Emergenza maltempo in Cile, il governo decreta fondi straordinari
400 mila utenti senza luce, allerta per frane e mareggiate nella costa centrale
Il presidente del Cile, José Kast, ha annunciato lo stanziamento di fondi straordinari per fare fronte all'emergenza maltempo che in queste ore ha colpito diverse regioni centrali del Paese - dal Biobío a Valparaíso alla Regione Metropolitana di Santiago del Cile - provocando già tre vittime. "Abbiamo avuto due incontri con i governatori di tutto il Cile e si è ipotizzata la possibilità di utilizzare il fondo di emergenza del 2% per tutte le località colpite", ha affermato il presidente. "Si tratta di un allerta metereolofìgico prolungato che durerà diversi giorni. La cosa più importante è stata la prevenzione e il coordinamento con le varie autorità (...) il Cile ha imparato e ciò che abbiamo fatto negli ultimi giorni è stato rafforzare la prevenzione e cercare di anticipare eventi futuri", ha aggiunto.
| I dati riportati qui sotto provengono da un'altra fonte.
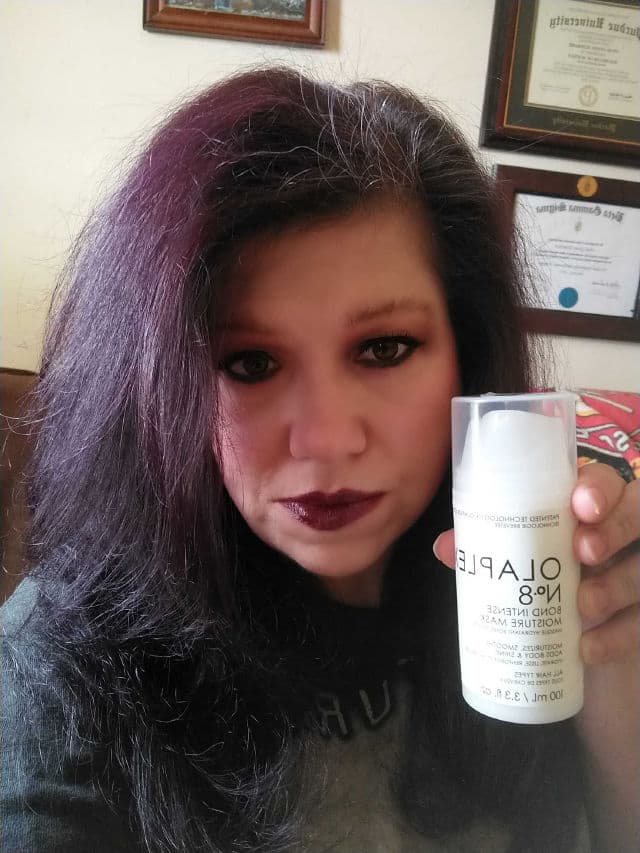Olaplex No. 8 Bond Intense Moisture Mask review photo by BurgundySpider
Riguardo alle interruzioni di corrente, che alle 6:00 del mattino contavano oltre 400.000 utenze senza elettricità in tutto il Paese, Kast ha spiegato che "abbiamo subito un impatto significativo in termini di interruzioni di corrente a causa delle fortissime raffiche di vento… Stiamo lavorando a stretto contatto per ripristinare il servizio il più rapidamente possibile, dando sempre la priorità alla sicurezza delle persone". Seicento persone sono state evacuate oggi dalla località di Cerrillos, nei dintorni di Santiago, per il pericolo di frane, mentre il sindaco della cittadina di Penco, un porto di pescatori del Biobío tra i più colpiti dallo tsunami successivo al terremoto del 2010, ha affermato che le mareggiate delle ultime ore sono state se possibile anche più distruttive. "Abbiamo più di 80 case colpite e 12 case completamente distrutte", ha dichiarato all'emittente Cnn Chile, affermando che le onde che hanno colpito la costa avevano un'altezza di almeno 10 metri.